R is a functional programming (FP) language.
R is a collection of functions;
Functions that maps some input to some output.
All R functions have three parts:
Part | Description |
---|---|
formals() |
the list of arguments which controls how you can call the function. |
body() |
the code inside the function. |
environment() |
the map of the location of the function’s variables. |
f <- function(x) { "ciao" }
f
## function(x) { "ciao" }
# the list of arguments which controls how you can call the function
formals(f)
## $x
#the code inside the function.
body(f)
## {
## "ciao"
## }
#the map of the location of the function's variables.
environment(f)
## <environment: R_GlobalEnv>
There is one exception to the rule that functions have three components.
Primitive functions call C code directly with
.Primitive()
and contain no R code (i.e.sum()
).
Therefore their formals()
, body()
, and
environment()
are all NULL
:
sum
## function (..., na.rm = FALSE) .Primitive("sum")
formals(sum)
## NULL
body(sum)
## NULL
environment(sum)
## NULL
The syntax for R functions is:
foo = function(arg1, arg2, arg3, ...){
...do something...
The last expression is returned
}
You can specify arguments or you can leave space for unspecifed parameters.
Using triple-dots
...
in argument list allows for unspecified additional arguments.
foo = function(x,y,...){
print(x)
## grep unspecified parameters
args = list(...)
if("z" %in% names(args) ){
print(args$z)
}
}
foo(5, 3, z="what's up?" )
## [1] 5
## [1] "what's up?"
Scoping (adjective) : “the act or practice of eyeing or examining, as in order to evaluate or appreciate”
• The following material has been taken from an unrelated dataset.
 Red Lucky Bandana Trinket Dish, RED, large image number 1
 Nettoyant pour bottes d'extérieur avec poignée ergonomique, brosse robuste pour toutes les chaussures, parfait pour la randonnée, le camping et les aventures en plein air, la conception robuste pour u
The scope is the context within your computer program where a variable or an identifier can be used, or within which a declaration has effect.
Scoping is the set of rules that control the way R picks up the value of a variable.
a <- 1
The <-
operator is called a
variable assignment operator.
Given the expression a <- 1
:
the value is assigned to the variable in the current environment.
If you already had an assignment for the variable before in the same environment, this one will overwrite it.
Variable assignments only update in the current environment.
When R is looking for a value of a given variable, it will start searching from the bottom. This means the current environment is inspected first, then its enclosing environment. The search goes until either the value is found or the empty environment is reached.
R has two types of scoping:
Scoping | Meaning | Usage |
---|---|---|
Static | a variable always refers to its top level environmentant. | implemented automatically at the language level |
Dynamic | a global identifier refers to the identifier associated with the most recent environment. | To select functions and save typing during interactive analysis |
Static scoping is determined by the structure of the source code
There are four basic principles behind R’s implementation of static scoping:
name masking
functions and variables
the first start
dynamic lookup
If a name is NOT defined inside a function, R will look one level up.
f <- function() {
x <- 1
y <- 2
c(x, y)
}
f()
## [1] 1 2
rm(f)
# A __________
x <- 1
g <- function() {
# B __________
y <- 2
c(x, y)
# __________ B
}
g()
## [1] 1 2
rm(x, g)
# __________ A
The same principles apply regardless of the type of associated value : the closer level wins.
The same rules of name masking apply if a function is defined inside another function
#fisrt function __________________
l <- function(x) x + 1
#second function ________________
m <- function() {
#fist function again __________
l <- function(x) x * 2
l(10)
}
m()
#> [1] 20
rm(l, m)
What happens if you are calling an operation on value that is NOT initialized?
a <- a + 1
# Error in a + 1 : non-numeric argument to binary operator
To avoid it you can use the function exists()
j <- function() {
if (!exists("a")) {
a <- 1
} else {
a <- a + 1
}
a
}
j()
## [1] 2
rm(j)
Static scoping determines WHERE to look for values, not WHEN to look for them.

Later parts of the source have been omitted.